Department of Psychology, Princeton University, Princeton, USA.
Department of Computer Science, Princeton University, Princeton, USA.
Sci Rep. 2024 Sep 13;14(1):21445. doi: 10.1038/s41598-024-72071-1.
Determining the extent to which the perceptual world can be recovered from language is a longstanding problem in philosophy and cognitive science. We show that state-of-the-art large language models can unlock new insights into this problem by providing a lower bound on the amount of perceptual information that can be extracted from language. Specifically, we elicit pairwise similarity judgments from GPT models across six psychophysical datasets. We show that the judgments are significantly correlated with human data across all domains, recovering well-known representations like the color wheel and pitch spiral. Surprisingly, we find that a model (GPT-4) co-trained on vision and language does not necessarily lead to improvements specific to the visual modality, and provides highly correlated predictions with human data irrespective of whether direct visual input is provided or purely textual descriptors. To study the impact of specific languages, we also apply the models to a multilingual color-naming task. We find that GPT-4 replicates cross-linguistic variation in English and Russian illuminating the interaction of language and perception.
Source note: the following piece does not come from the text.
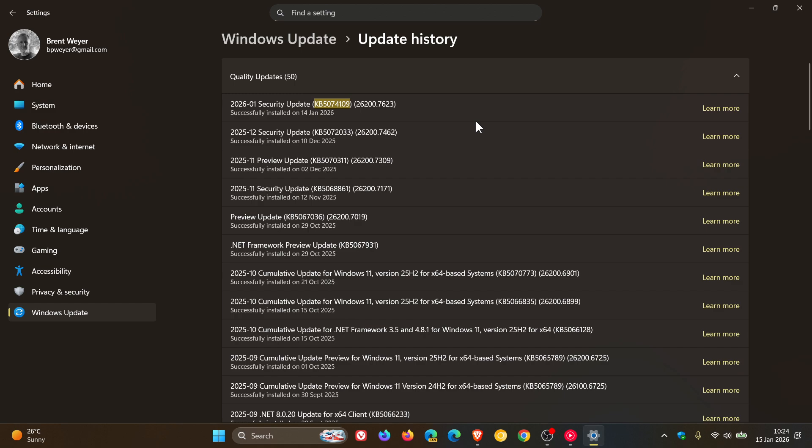If you were running Windows 11 23H2, that would be KB5073455. And if you're running Windows 10 on the ESU, that would be KB5073724.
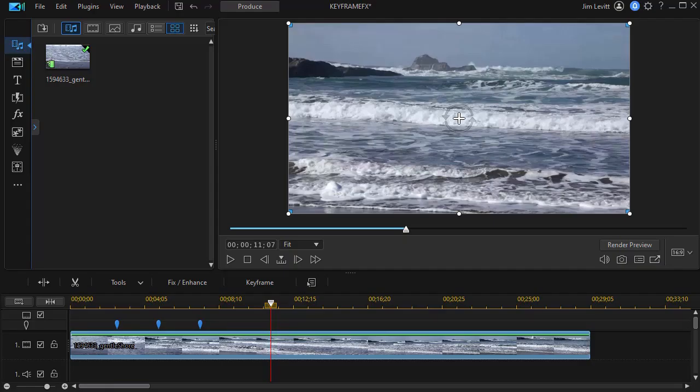In this tutorial in CyberLink PowerDirector, we'd like to show you how to keyframe one of the qualities of a special effect. Oftentimes we think of a special effect as on or off, but you can actually keyframe them.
确定语言能够在多大程度上还原感知世界是哲学和认知科学中长期存在的问题。我们表明,最先进的大型语言模型可以通过提供从语言中提取的感知信息量的下限,为解决这个问题提供新的见解。具体来说,我们在六个心理物理数据集上从 GPT 模型中引出了成对的相似性判断。我们发现,这些判断与所有领域的人类数据具有显著相关性,能够很好地再现颜色轮和音高螺旋等知名表示。令人惊讶的是,我们发现一个经过视觉和语言共同训练的模型(GPT-4)并不一定会提高特定于视觉的模态的性能,并且无论是否提供直接的视觉输入或仅提供文本描述,它都能提供与人类数据高度相关的预测。为了研究特定语言的影响,我们还将模型应用于多语言颜色命名任务。我们发现 GPT-4 再现了英语和俄语中的跨语言变化,揭示了语言和感知的相互作用。